To elaborate more on this, consider the following data model for the Sales Transaction. The transaction data is captured for Product Sold on a given date in a store. The table structure can be defined as follows:
( STORE_ID nvarchar(10), — Store Id
PROD_ID nvarchar(10), — Product Id
PROD_CAT nvarchar(10), — Product Category
PROD_PRICE decimal(10,2), — Product Price
SOLD_QTY integer, — Product Quantity Sold in a Sales transaction
TRANS_DATE nvarchar(8), — Sales Transaction Date
STORE_REG nvarchar(10) — Region in which the Store is located
The business rule could be:
The product price may vary each day, hence the Net Sales need to be calculated for the Product Price on the transaction date and Quantity Sold on the day.
*** In ideal scenario, the Net Sales should be calculated at the time of data loading and should be persisted in the data model. This can have positive impact on the performance and is also a recommended modeling option. The following modeling option explained below should be implemented, when the calculation persistence is not feasible due to more complex requirements or different sources / data stores for Product price and Sales Transaction.

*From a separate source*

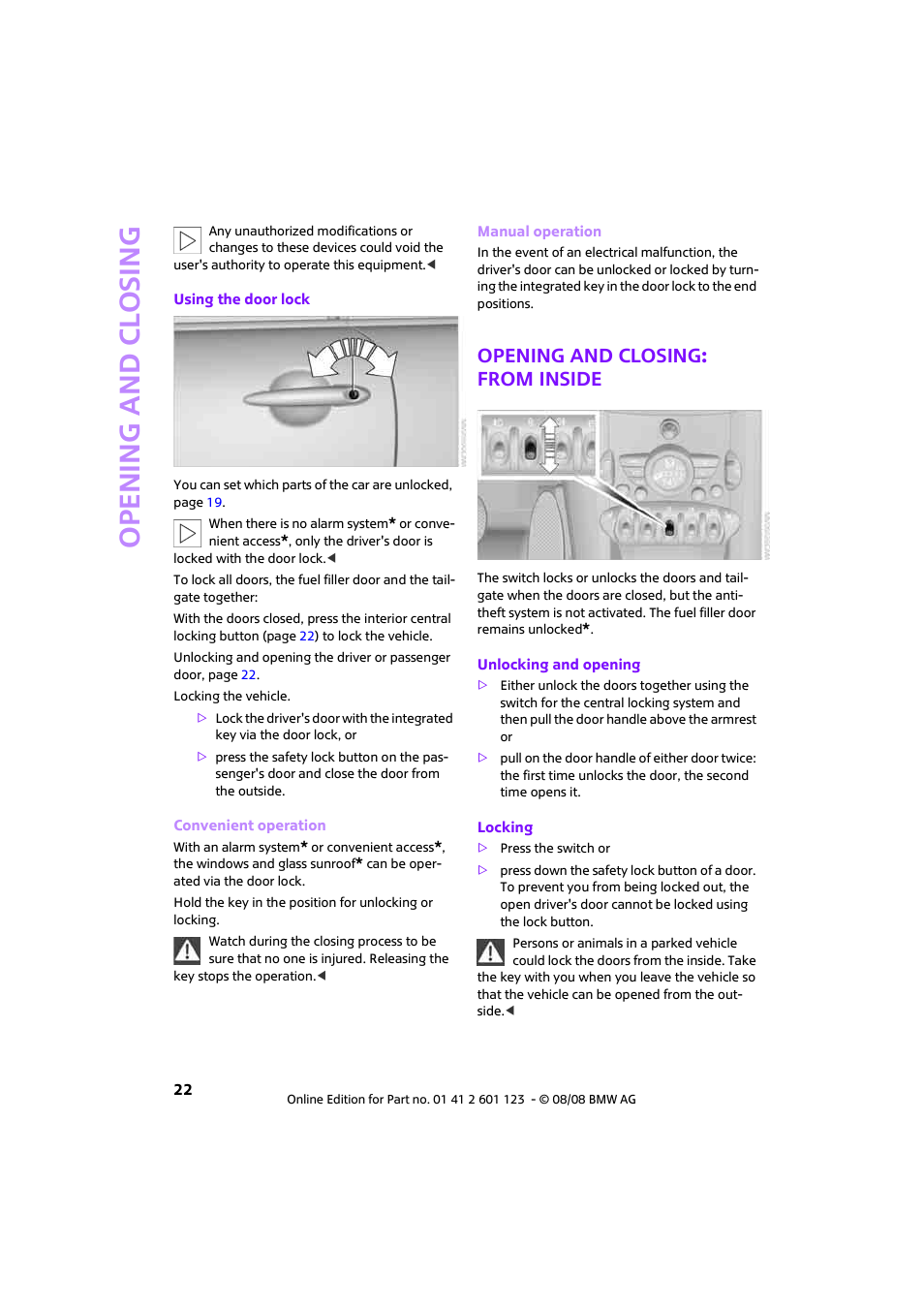 Opening and closing: from inside, Open ing and closing | Mini 2009 Cooper User Manual | Page 24 / 160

The sample Sales transaction data is as follows:
In the above example, consider the Net Sales in the Sales transaction data with calculation as Product Price * Quantity Sold. The Net sales need to be calculated at the transaction level granularity.
The standard Calc view model, based on a standard Analytic view using the transaction table is as follows:
Please note that the Multidimensional Reporting property is set to True which adds default aggregation node to the Calc view. The default behavior of all the base KFs is set to SUM. The Calculation of the Net Sales is defined as below hence executed as “Calculate After aggregation” resulting in the following output.
The output of the query is as follows:
The Product Price is shown for the explanation purpose. The Product price at Product category level does not really make any business sense.
The expected correct output for the above query is as follows:
To achieve the above output, we need to make the following changes to the model.
- Create the model with the Multidimensional property set to False, hence adding the default Projection node to the model.
- Add an aggregation node on the Analytic view to define the aggregation behavior.
- Set the Keep Flag property for all the attributes which defines the Exception aggregation criteria. In this case, the aggregation is expected to happen at Store, Product and Transaction date irrespective of the reporting granularity. The Keep flag will always add these columns in the group by clause even if they are not selected in the query. Please note that the added columns in aggregation will impact the performance as each column join is added to the resultset.
- Define the Calculated KF for Net Sales in the Aggregation node. The calculation remains same as shown in the earlier screenshot.
The query executed on this model will result in the required output.
Well, now that works as expected.. 🙂
Please note that this implementation has performance impacts. If we look into the visual execution plans for both the queries, then we can see that the second query includes all the columns in the SELECT statement along with all the columns with Keep flag property set to true.
Execution for the first query on ZGCV_PROD_SALES looks something like:
The execution plan shows only those columns required in the SELECT statement.
Execution for the second query on ZGVC_PROD_SALES_EXCP_AGGR (with Exception aggregation) looks like:
As we can see from the execution plan above, the performance gets impacted due to additional column joins resulting in higher data volume, 20 rows, being passed from one engine to another, as compared to 3 rows in the earlier execution. The generated resultset depends upon the granularity specified with the Keep flag setting.
As mentioned earlier, the better option is to have such values persisted in the database. In case, due to complex business or technical requirements such persistence is not feasible, then the above option should work fine. But at the cost of some performance impact.
All the comments, suggestions, discussions are most welcome. 🙂